I don't disagree that the Republicans have been bludgeoing Democrats with that very club all summer (though, as I've written, public opinion is pretty mercurial; support for offshore drilling tends to rise and fall with the price of gasoline). But Nordhaus and Shellenberger create equivalencies between the energy debate and the state of "environmentalism" at large. They pretend that liberal greens in Congress are crowing over converts—which reads like pure strawmanship, as this summer has brought, if anything, bipartisan aggression on energy (and not from Congress).
They are absolutely right, as they first wrote in 2004, that "public support for action on global warming is wide [but] it is frighteningly shallow." And that in 2008, a potential for backlash exists. Because it's not clear to me that the public really cares about "global warming;" it's more likely that the anxiety of $4/gallon gasoline can be filed under broader concerns about home finances (hence the continued Democratic advantage), or a vague "dependence on foreign oil"—not the concentration of greenhouse gasses in the air that the Climate Security Act (aka Lieberman-Warner) primarily sought to address.

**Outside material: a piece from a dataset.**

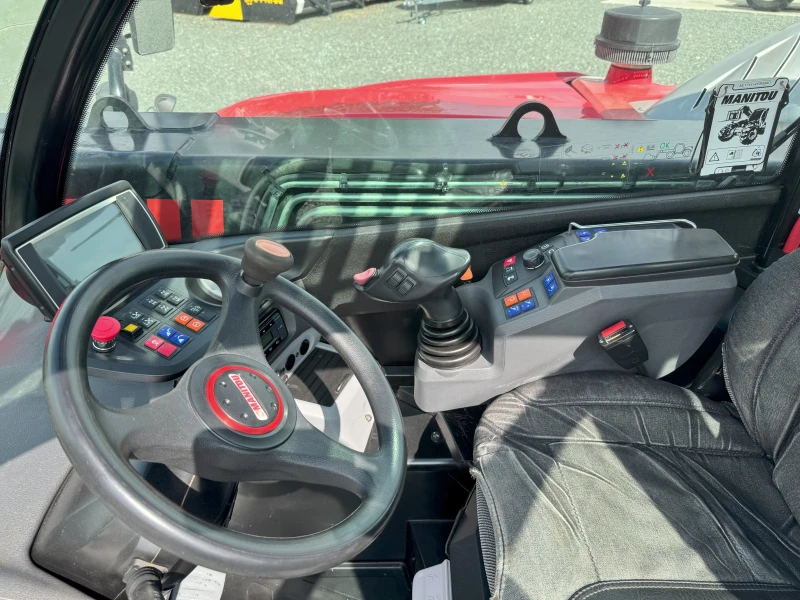 Телескопичен товарач Manitou MLT 741-140 VARIO + , снимка 10 - Селскостопанска техника - 52770524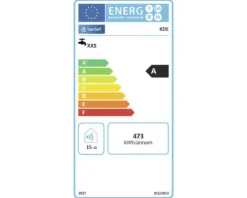 Klein-Durchlauferhitzer Saniself KDE elektronisch 3,5 kW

Frankly, most Americans have probably spent the summer humming: "I want global warming to go away and gas prices to go down so help me Congress la la la."
So there really is a need for better messaging on the economics of going green. But the authors depict the drilling fight as the overwhelming metric with which to judge environmental progress in 2008. This is wrong-headed. In fact, I've argued that the derided June bill, which won 48 votes in the Senate, was clearly a two steps forward, one step back situation, and a good step forward at that. Not the kind of "progress" we've seen with the failure of this week's financial rescue bill (greens probably didn't want the neutered Lieberman-Warner to pass). But a serious down payment on future regulatory and subsidy "asks," that was itself a show of improvement on the McCain-Lieberman bill of 2003.